>>>>>

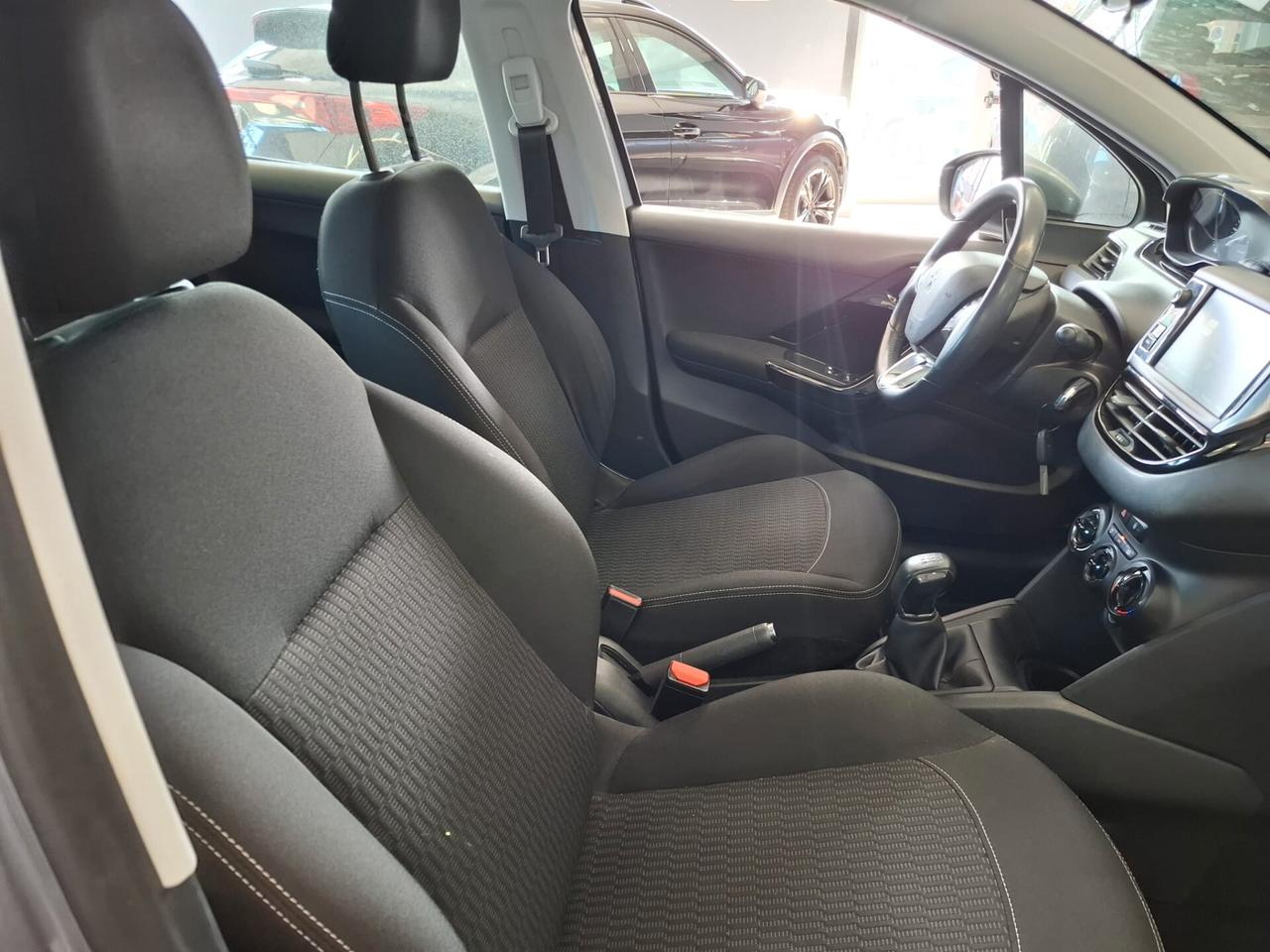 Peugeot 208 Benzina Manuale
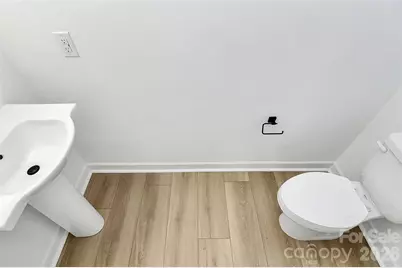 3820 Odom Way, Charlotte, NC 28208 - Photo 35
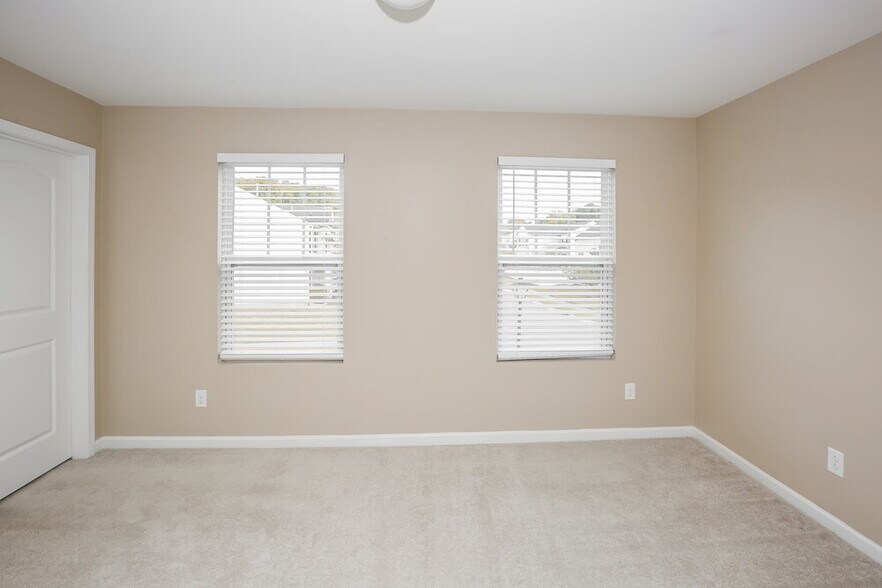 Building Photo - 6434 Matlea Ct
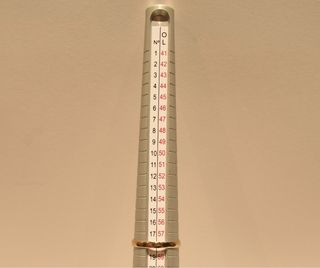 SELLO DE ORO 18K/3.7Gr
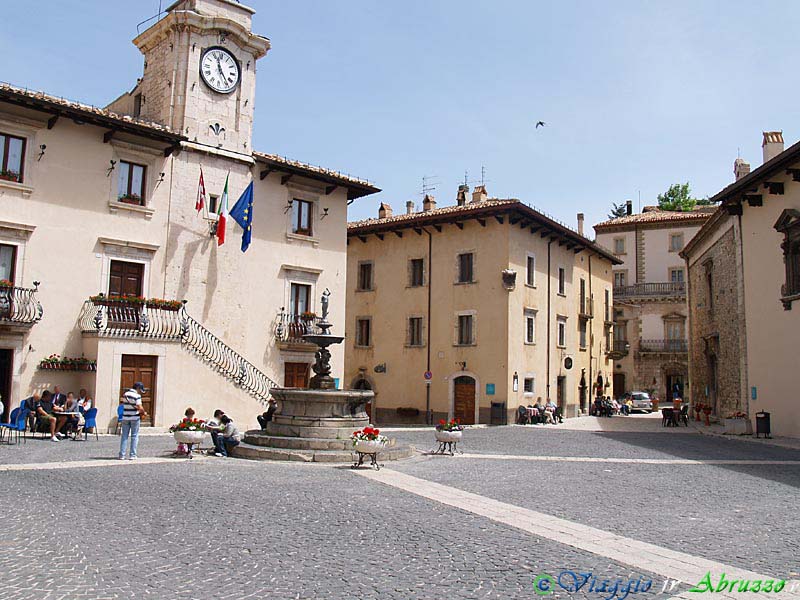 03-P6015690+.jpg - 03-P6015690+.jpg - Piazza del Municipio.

<<<<<

Write the data out again word for word; leave the pictures behind.

» **EXPECTED ANSWER**:
 Peugeot 208 Benzina Manuale
 3820 Odom Way, Charlotte, NC 28208 - Photo 35
 Building Photo - 6434 Matlea Ct
 SELLO DE ORO 18K/3.7Gr
 03-P6015690+.jpg - 03-P6015690+.jpg - Piazza del Municipio.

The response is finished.